Fittingly enough, The 4th Country tells the intertwined stories of two families. Conor and Niamh are siblings from a Republican background, whose grandfather was a victim of the Bloody Sunday massacre in 1972, when British soldiers fired and killed 14 unarmed civilians. They both want justice for this crime; and when an ex-paratrooper, called Soldier F, is brought to trial for his actions on that day it looks like they will get some satisfaction. But there is one problem: Conor’s wife, Anna, is an English lawyer who works for the defendant. Should she represent Soldier F, or give up her job and take her husband’s side?
At the same time, there is another Northern Irish story to be told. Until the law was changed in October 2019, abortion was illegal in the Six Counties, which meant that any women who wanted to terminate her pregnancy — for whatever reason — had to have the additional trauma, not to mention expense, of traveling to mainland Britain to have the procedure. Since the law was supported by some members of both communities, the shaming of single women was also a factor. In Reid’s play, spoiler alert, Melanie, a young woman from a Protestant background who meets Anna, finds herself pregnant and has to choose whether to keep the child or not.
The most engaging thing about the staging of these stories is the meta-theatrical aspect of the show, which constantly subverts the usual naturalistic genre of British new writing. By doing this, the theatre-makers are pointing out that, although these situations are rooted in real social, cultural and political conflicts, they are also fictions. And sites of conflicting interpretation. And also an entertainment. There is a cheery attitude to public prejudices about what Irish theatre is: more than once, the litany of clichés — leprechauns, fiddles, Riverdance, whiskey and Sinéad O’Connor — is referred to, and the play both explores such stereotypes and subverts them. It also wryly suggests that, if we don’t understand something about Northern Ireland, we should google it.
Reid’s writing brilliantly discusses some intractable political issues, such as when can justice be done to the victims of the British Army’s occupation of the province, without losing either its light touch or skimping on the personal aspects of the situations she has created. The complexity of the conflict between Catholics, Protestants and the English, and the whole legacy of colonialism, is acknowledged, with no cardboard villains or sentimentality. The various markers of identity in Northern Ireland — your name, what you call Derry/Londonderry, your ability to speak Irish, the school you went to — are all here. The best dialogues in this 70 minute piece are heartfelt and moving, and the tension between being part of a culture of secrecy and wanting — like Niamh eventually does — to tell the world your story is well realized.

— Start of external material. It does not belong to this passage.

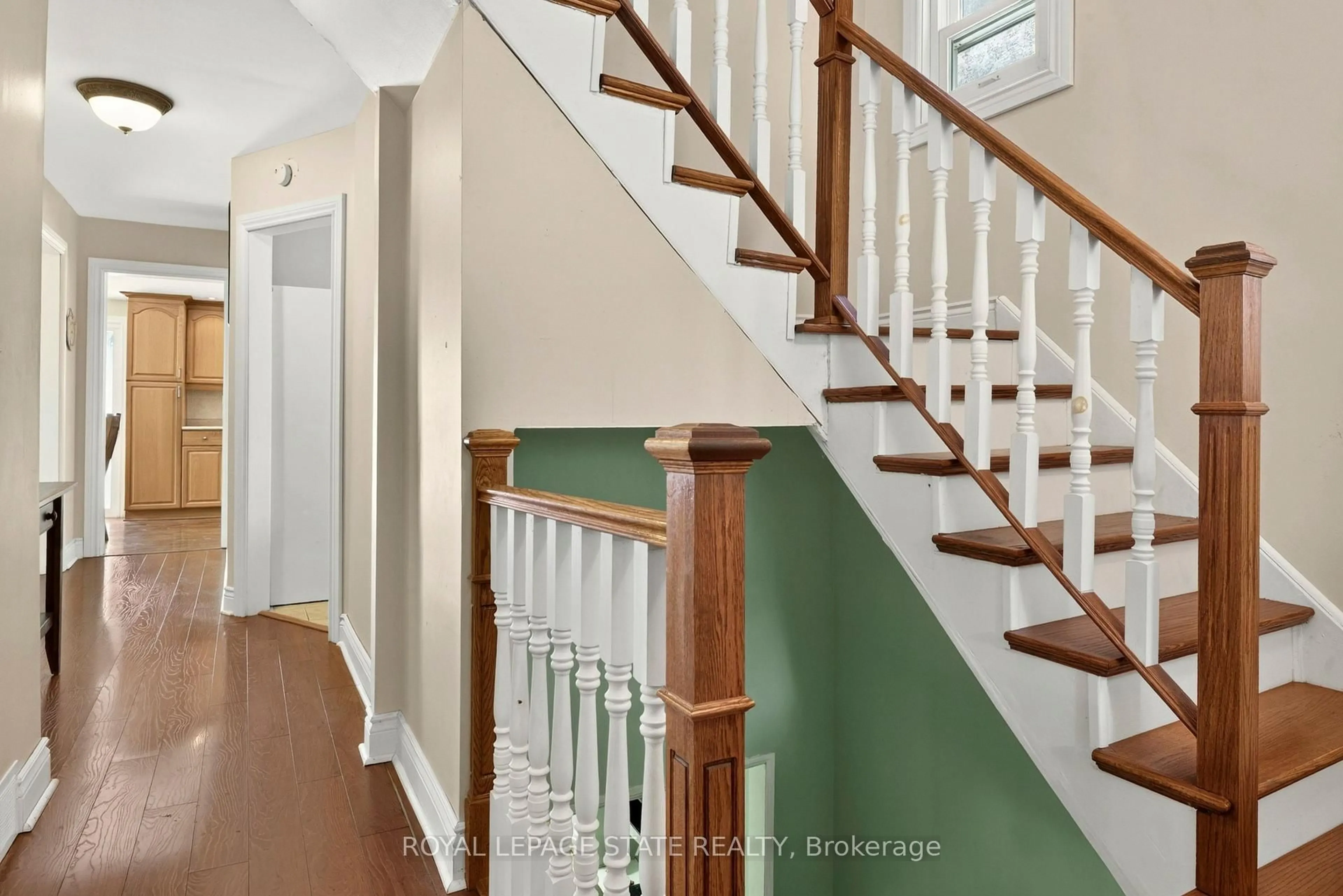 Indoor entryway for 47 Witherspoon St, Hamilton Ontario L9H 2C4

Gabriella Bird’s production, designed by Jida Akil, is light and fast, and the minimalist props are artfully used by the young company, who — playing themselves as well as the characters — are both convincing in the serious moments and amusing in the humorous ones. Reid, who plays Melanie, is a good contrast to both Rachael Rooney’s Niamh and Aoife Kennan’s Anna, and they are the emotional core of the play. Kennan also plays Shona, a civil servant, in the most satirical scene in the drama. As Conor, Cormac Elliott represents a sympathetic and sensitive masculinity, far from the stereotype of aggressive Northern Irish manhood. Although, in the end, this is a slender piece, whose drama doesn’t really build into an overarching plot, it is also an intelligent and enjoyable example of contemporary political theatre.